Bagaimana kisah tentang Sore?
Wajar jika muncul pendapat mengenai Sore yang seolah menjadi simbol silent patriarchy.
Sejak awal adegan dibuka dengan kesibukan Jonathan menjadi seorang fotografer yang tengah berburu gambar mencairnya es di kutub utara serta kehidupan makhluk hidup di sana.
Meski Sore kemudian hadir, kedatangannya juga demi Jonathan. Ia berniat mengubah hidup pria itu agar tidak lagi merokok, minum beralkohol, dan makan teratur.
Sore pun memastikan semua itu dengan memasakkan makanan kesukaan Jonathan, sibuk berbelanja buah, mengajak berolahraga, hingga membuang semua rokok dan stok minuman beralkohol.
Bahkan Sore berulangkali meyakinkan Jonathan bahwa ia akan siap selalu menemaninya dan terus memilihnya walau harus menjalani sepuluh ribu kehidupan.

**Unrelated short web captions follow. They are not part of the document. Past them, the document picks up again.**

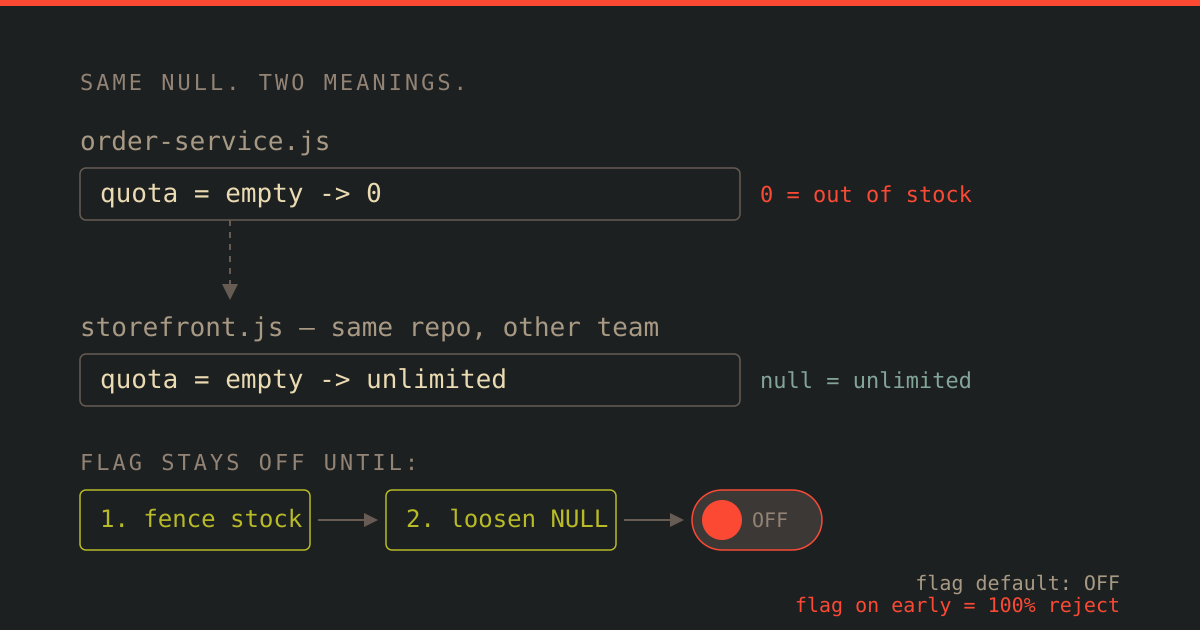 Sơ đồ feature flag làm cổng chặn giữa deploy của team A và team B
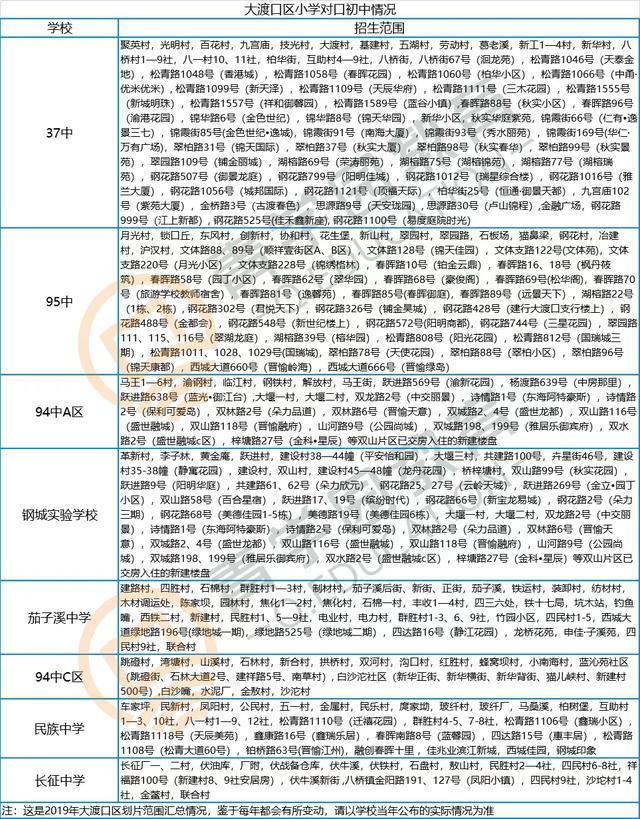 重庆初中划片一览表,附重庆初中对口学校汇总(图6)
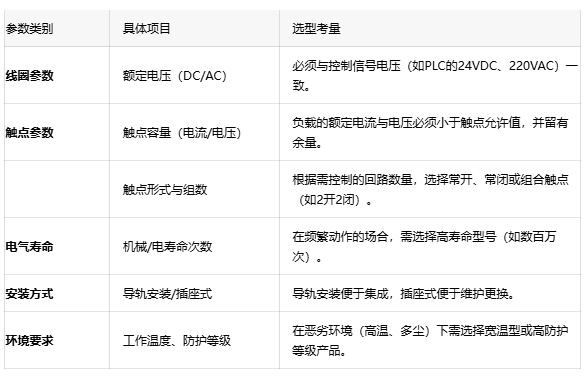 為什么你的PLC輸出點(diǎn)燒了？可能是中間繼電器沒選對(duì)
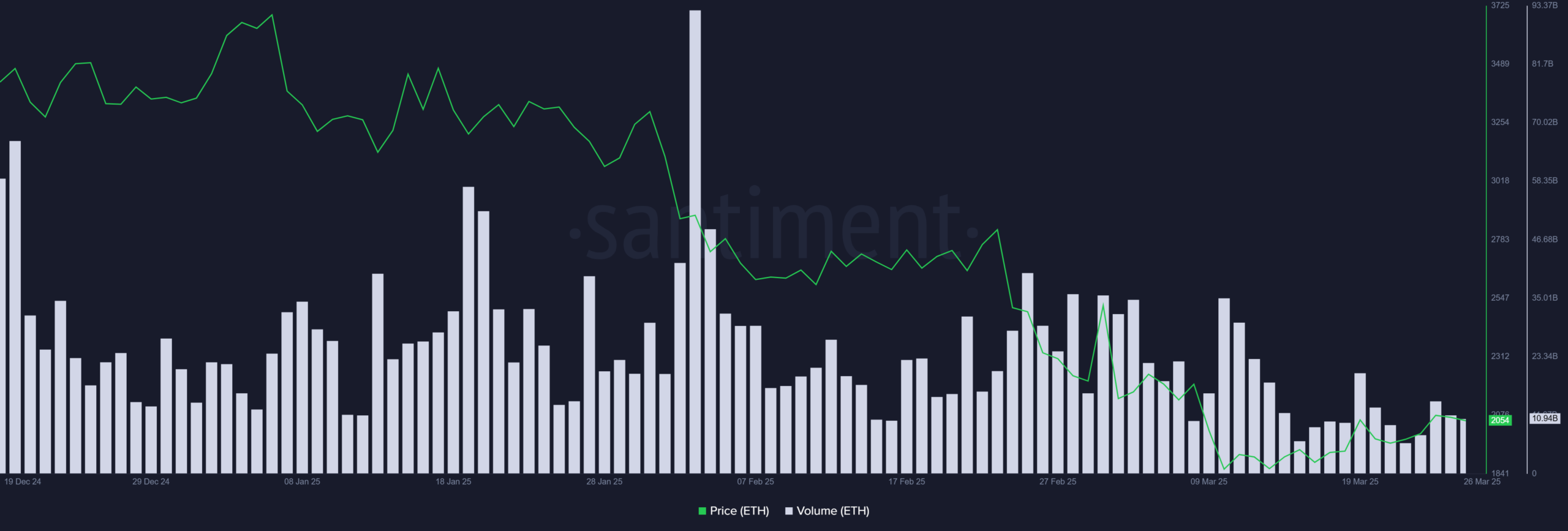 Ethereum volume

Ia pun bersedia kembali mengulang waktu melakukan tindakan yang serupa agar bisa mencegah kematian Jonathan di masa depan.
Sementara itu, Jonathan tetap asyik sendiri dengan kebiasaannya dan enggan berubah.
Hingga ada satu ucapan Jonathan, “Orang berubah bukan karena rasa takut, tapi karena dicintai.”
Namun jika dicermati, simbol itu runtuh ketika Sore memilih jalannya sendiri hingga bertemu dengan pemilik butik di Zagreb, Kroasia yang menyadarkannya, ada tiga hal yang tidak bisa diubah, yaitu masa lalu, rasa sakit, dan kematian.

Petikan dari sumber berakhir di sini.